DATA BLOCK:
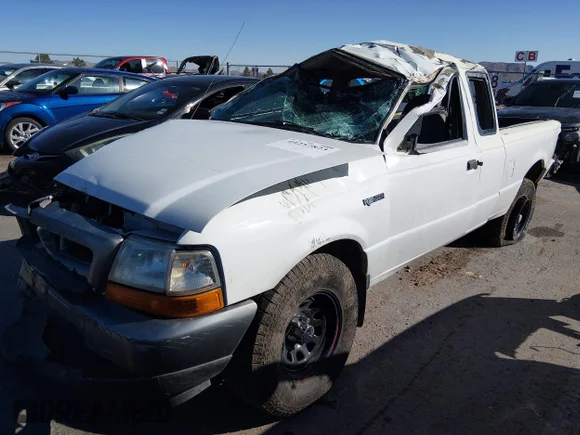 ✅ 2000 Ford Ranger XLT • VIN: 1FTYR14X6YPA45565 • Лот: 44257823. Опубліковано раніше на IAAI з пробігом 250 771 миль. Безкоштовний доступ до архіву аукціонних продажів зі США та докладний звіт про історію автомобіля на DreamBid. Зображення 2.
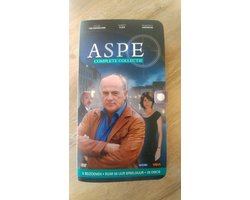 Aspe - Seizoen 1 t/m 9 in speciale bewaarmap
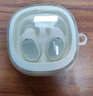 倍思WM02+真無線藍(lán)牙耳機(jī) 入耳式物理降噪無線耳機(jī)藍(lán)牙5.3 高清通話50小時長續(xù)航適用蘋果華為小米 白 曬單實拍圖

TASK TO CARRY OUT: Could you retype exactly the lines running from the one with "Aspe - Seizoen 1 t/m 9 in speciale bewaarmap" to the end of the material above, pictures omitted?

WRITTEN RESPONSE:
 Aspe - Seizoen 1 t/m 9 in speciale bewaarmap
 倍思WM02+真無線藍(lán)牙耳機(jī) 入耳式物理降噪無線耳機(jī)藍(lán)牙5.3 高清通話50小時長續(xù)航適用蘋果華為小米 白 曬單實拍圖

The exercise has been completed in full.